US Patriot Act Planned Before 9/11

2003-05-17

Richard Moore

----------
From: "dnordin" <•••@••.•••>
To: <•••@••.•••>
Subject: US Patriot Act Planned Before 9/11
Date: Sun, 27 Apr 2003 17:56:18 -0700

----------
>From: •••@••.•••
To: You Need To Know:;
Subject: I've suggested this all along...
Date: Sunday, April 27, 2003 7:20 AM

http://www.truthout.org/docs_02/05.21B.jvb.usapa.911.p.htm
The USA PATRIOT Act Was Planned Before 9/11
by Jennifer Van Bergen
t r u t h o u t | 20 May, 2002

Many people do not know that the USA PATRIOT Act was
already written and ready to go long before September
11th. Recent criticism of Bush's admission that he had
received warnings only weeks before September 11th has
made it more important to understand the origins of the
USAPA.

The USA PATRIOT Act - the so-called "Uniting and
Strengthening America by Providing Appropriate Tools
Required to Intercept and Obstruct Terrorism Act of
2001," a.k.a. the USAPA -- was enacted in the immediate
wake of 9/11, riding a wave of fear that spread over
the nation. This Act has caused much concern amongst
civil rights advocates. The Administration, however,
responded to such concerns by calling critics
unpatriotic. Now, the White House has had a similar
response to critics of Bush's recent admission of early
warnings.

White House spokesman Ari Fleischer said Friday: "I
think that any time anybody suggests or implies to the
American people that this president had specific
information that could have prevented the attacks on
our country on September 11, that crosses the lines."

Dick Cheney came out on Thursday with the statement
that Democratic criticism of Bush's handling of
pre-Sept. 11 terror warnings was "thoroughly
irresponsible." Cheney added an ominous remark to his
"Democratic friends ... that they need to be very
cautious not to seek political advantage by making
incendiary suggestions."

Cynthia McKinney responded: "If committed and patriotic
people had not been

pushing for disclosure, today's revelations would have
been hidden by the White House," she says. "Ever since
I came to Congress in 1992, there are those who have
been trying to silence my voice.
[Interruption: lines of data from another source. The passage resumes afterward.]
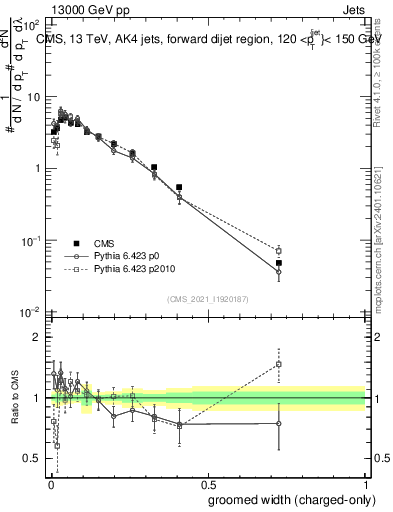 Plot of j.width.gc in 13000 GeV pp collisions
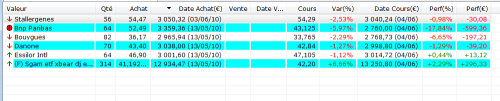 Forum BFM Bourse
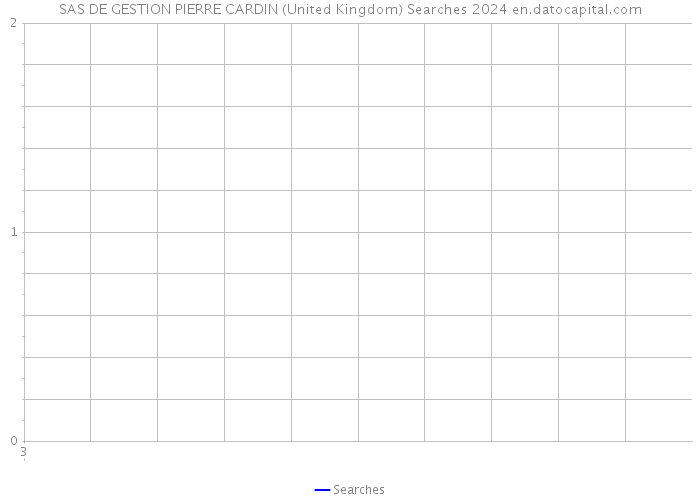 SAS DE GESTION PIERRE CARDIN (United Kingdom) Searches 2024 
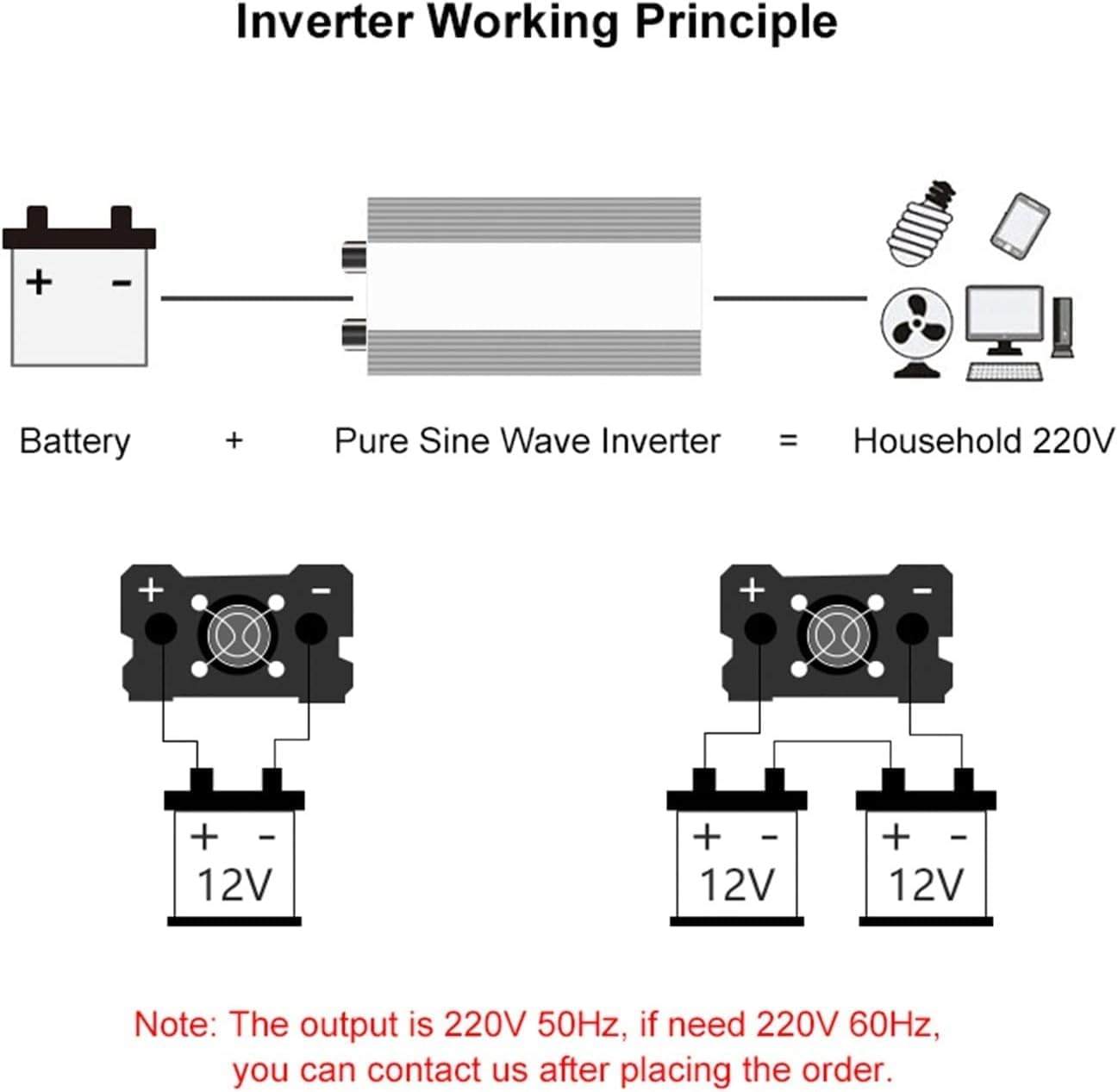 Pure Sine Wave Inverter 8000W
I've been told to "sit
down

and shut up" over and over again. Well, I won't sit
down and I won't shut up until the full and unvarnished
truth is placed before the American people."

House Minority leader Dick Gephardt said: "Our nation
is not well served when the charge of 'partisan
politics' is leveled at those who simply seek
information that the American people need and deserve
to know."

Oddly, following Democratic criticism of Bush's
admission, came the weekend

news that the White House now anticipates an even
terrorist greater attack on American soil. Intrepid
investigative journalist Michael Ruppert, best known
for his reports claiming government's prior knowledge
of 9/11, states

that Fox TV cancelled his Saturday appearance on the
Geraldo Rivera Show due to these reports.
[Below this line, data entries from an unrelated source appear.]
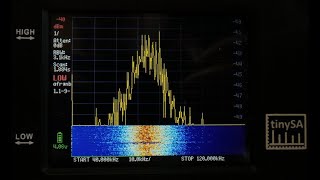 Frequency Domain waveforms with the Hantek DSO5102P Fast Fourier Transforms and the TinySA - #044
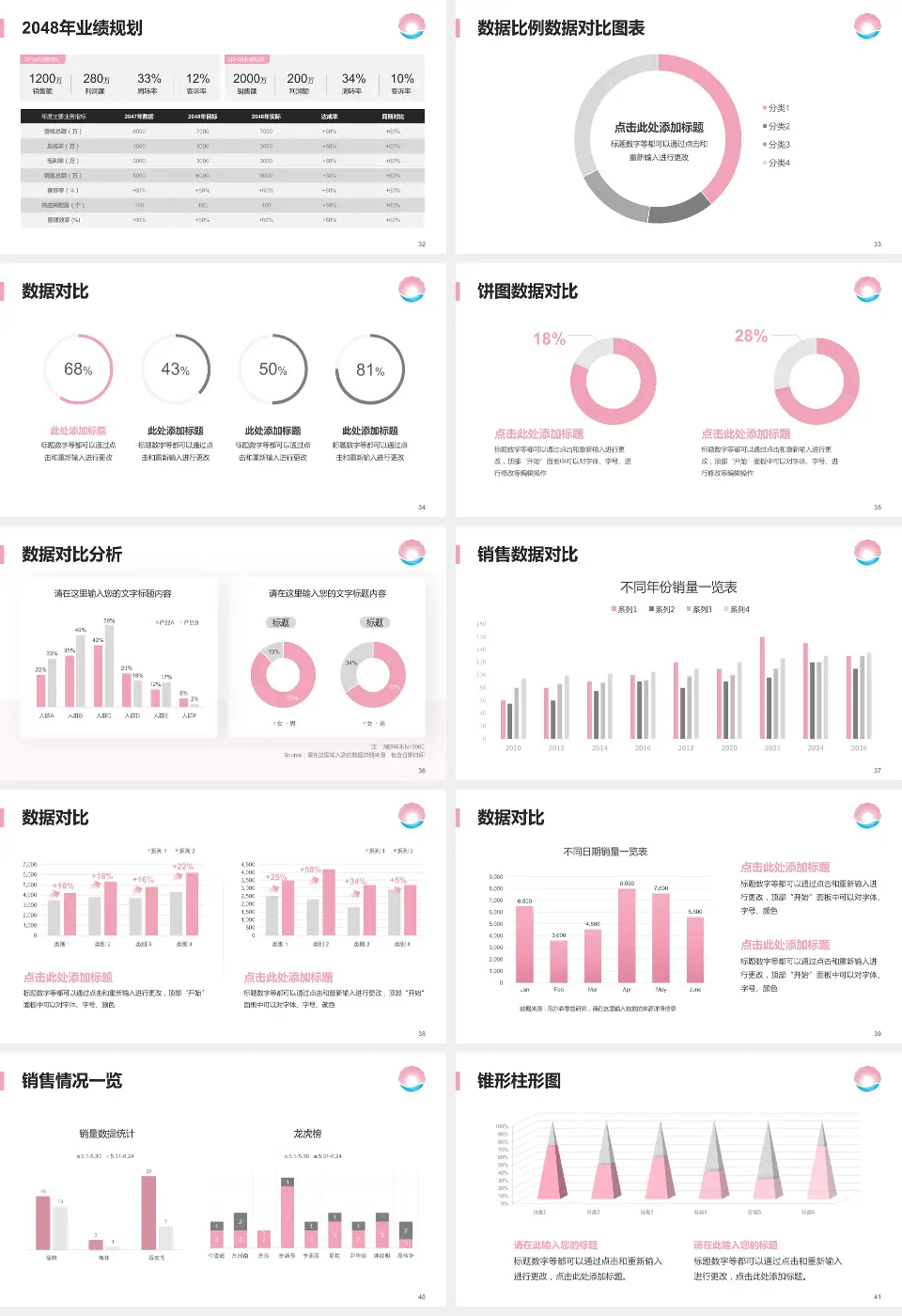 珠海市妇幼保健院科室介绍与推广PPT模板16:9格式幻灯片预览图5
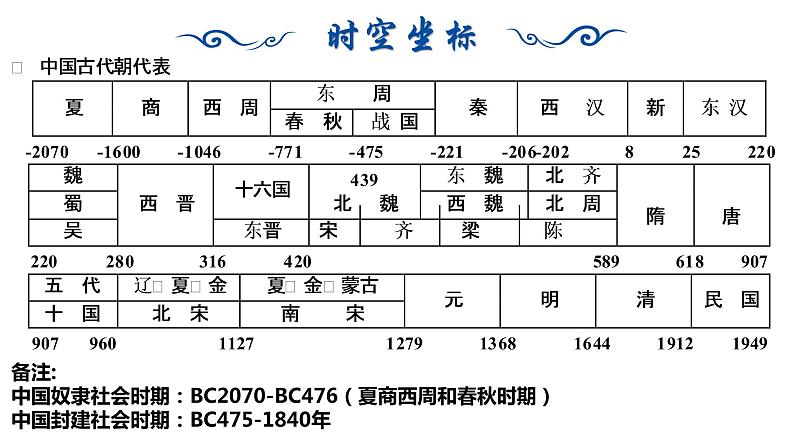 【高考一轮精细化复习】高考历史（选必1）复习课件——第1课 中国古代政治体制的形成与发展03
These may be mere coincidences. Time Magazine just
released a lengthy article by Michael Elliott, "How the
U.S. Missed the Clues," in which he states: "Last
summer the White House suspected that a terrorist
attack was coming. But four key mistakes kept the U.S.
from knowing what to do."

Whether the Administration could have anticipated 9/11
or not, the proponents of the USAPA were waiting to go
long before that day. Similar antiterrorism legislation
was enacted in the 1996 Antiterrorism Act, which
however did little to prevent the events of 9/11, and
many provisions had either been declared
unconstitutional or were about to be repealed when 9/11
occurred.

James X. Dempsey and David Cole state in their book,
"Terrorism & the Constitution: Sacrificing Civil
Liberties in the Name of National Security," that the
most troubling provisions of the pre-USAPA
anti-terrorism laws, enacted in 1996 and expanded now
by the USAPA, "were developed long before the bombings
that triggered their final enactment."

Dempsey is the former assistant counsel to the House
Judiciary Subcommittee

on Civil and Constitutional Rights and Deputy Director
at the Center for Democracy & Technology, and Cole is
professor of law at Georgetown University and an
attorney with the Center for Constitutional Rights.
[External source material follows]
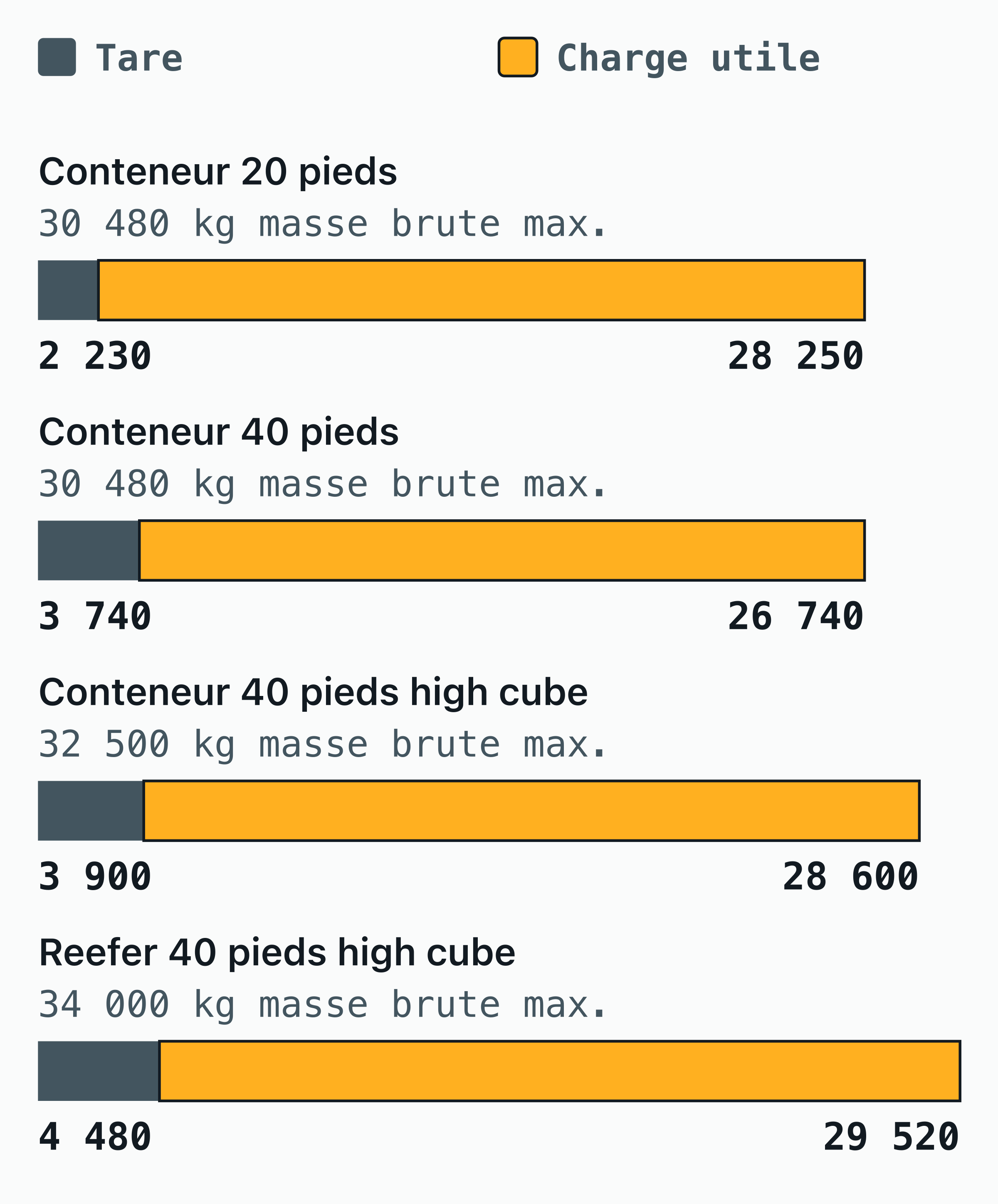 Diagramme en barres empilées de la tare et de la charge utile maximale qui composent la masse brute maximale, en kilogrammes, pour Conteneur 20 pieds, Conteneur 40 pieds, Conteneur 40 pieds high cube, Reefer 40 pieds high cube.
Looking back at the 1996 Antiterrorism Act, Dempsey and
Cole declare that "the much-touted gains in law
enforcement powers" under that Act, "produced

no visible concrete results in the fight against
terrorism." They add that the principles espoused in
the Act "were shown in case after case to be both
unconstitutional and ineffective in the fight against
terrorism." And importantly, the authors comment that
the United States government has not shown that the
expanded powers it has asserted in the USAPA are
necessary to fight terrorism.

Dempsey and Cole trace the origins of the national
security trend back to the "intolerant approaches of
the 1950s," when association with Communist or
anarchist groups was made a ground for exclusion and
deportation. Congress removed the guilt by association
law in 1990, but it was revived only six years later by
law enforcement proponents in the 1996 Antiterrorism
Act, immediately following the Oklahoma City Bombing.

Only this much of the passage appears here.